TASK PROMPT – Every line of the material is to be transcribed verbatim, with images omitted.

SUPPLIED DATA –
----
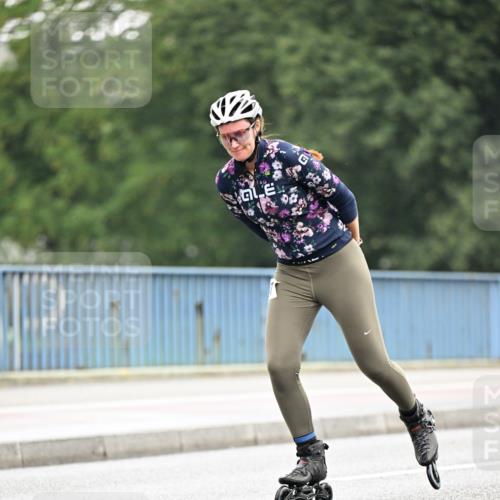 30.06.2024 - hella hamburg halbmarathon Dr. Thomas Lammeyer http://msf.ph/oto/6402846 30.06.2024 08:58:49 Kennedybrücke  meine-sportfotos.de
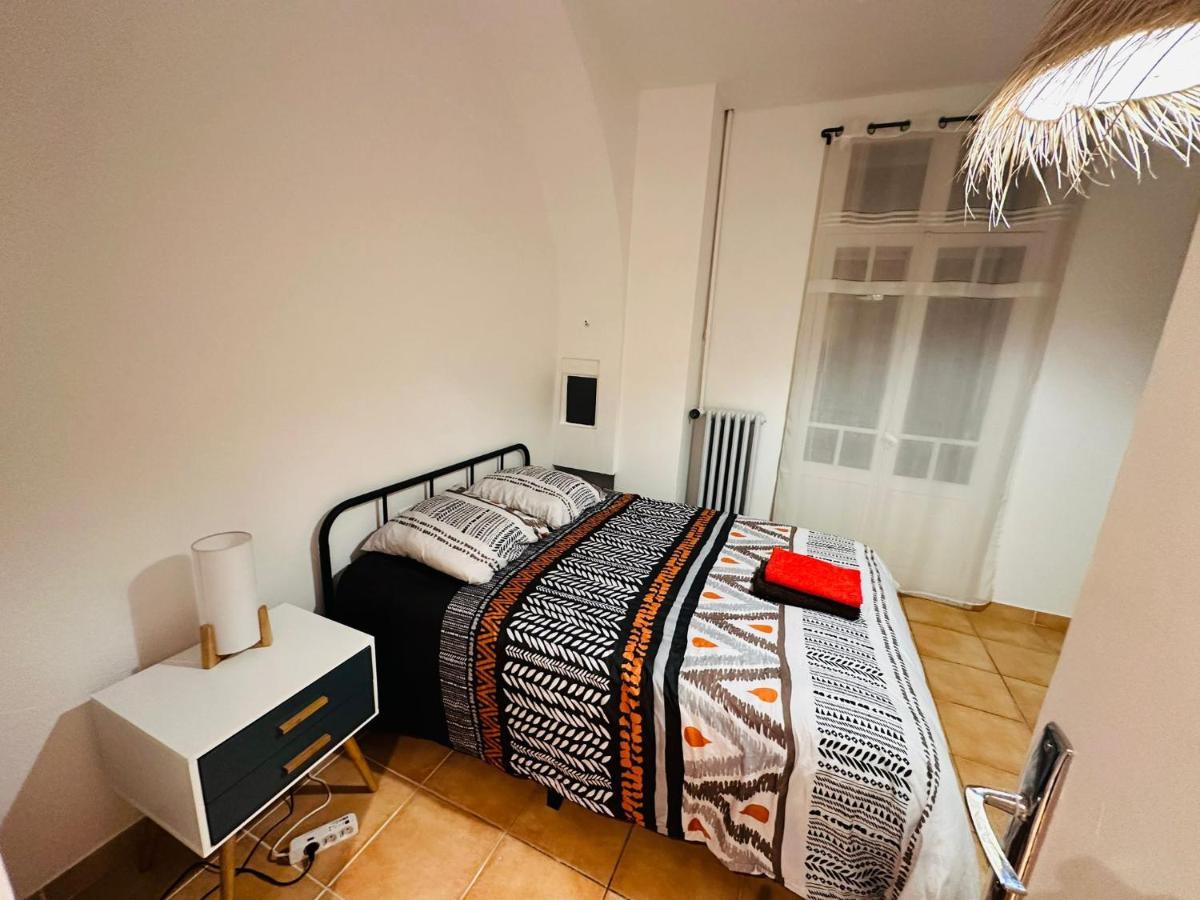 Appartement Lumineux Et Spacieux 2 Chambres Avec Parking Gratuit Dans La Rue 페르피냥 외부 사진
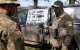 Dos soldados ucranianos conversan durante la guerra entre Rusia y Ucrania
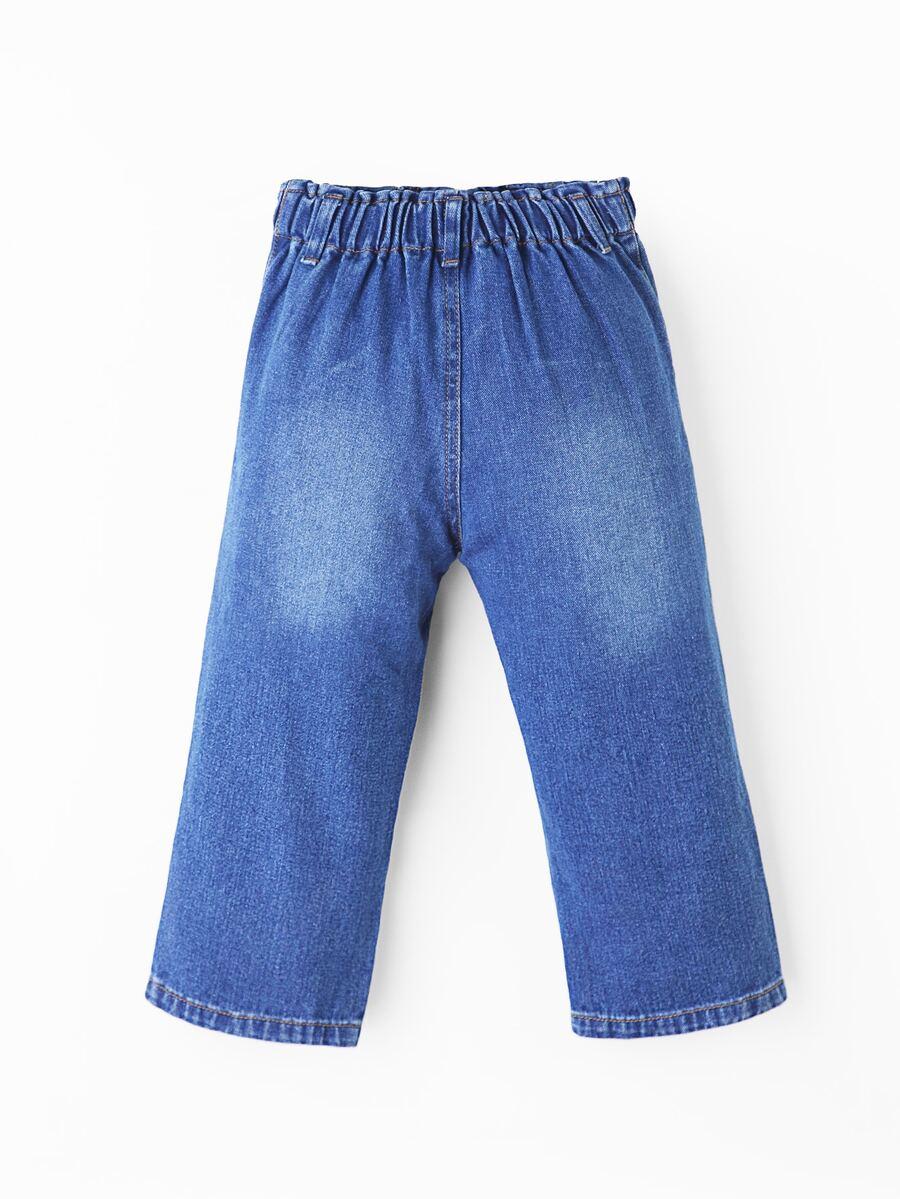 niebieskie spodnie jeans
----
EXPECTED ANSWER –
 30.06.2024 - hella hamburg halbmarathon Dr. Thomas Lammeyer http://msf.ph/oto/6402846 30.06.2024 08:58:49 Kennedybrücke  meine-sportfotos.de
 Appartement Lumineux Et Spacieux 2 Chambres Avec Parking Gratuit Dans La Rue 페르피냥 외부 사진
 Dos soldados ucranianos conversan durante la guerra entre Rusia y Ucrania
 niebieskie spodnie jeans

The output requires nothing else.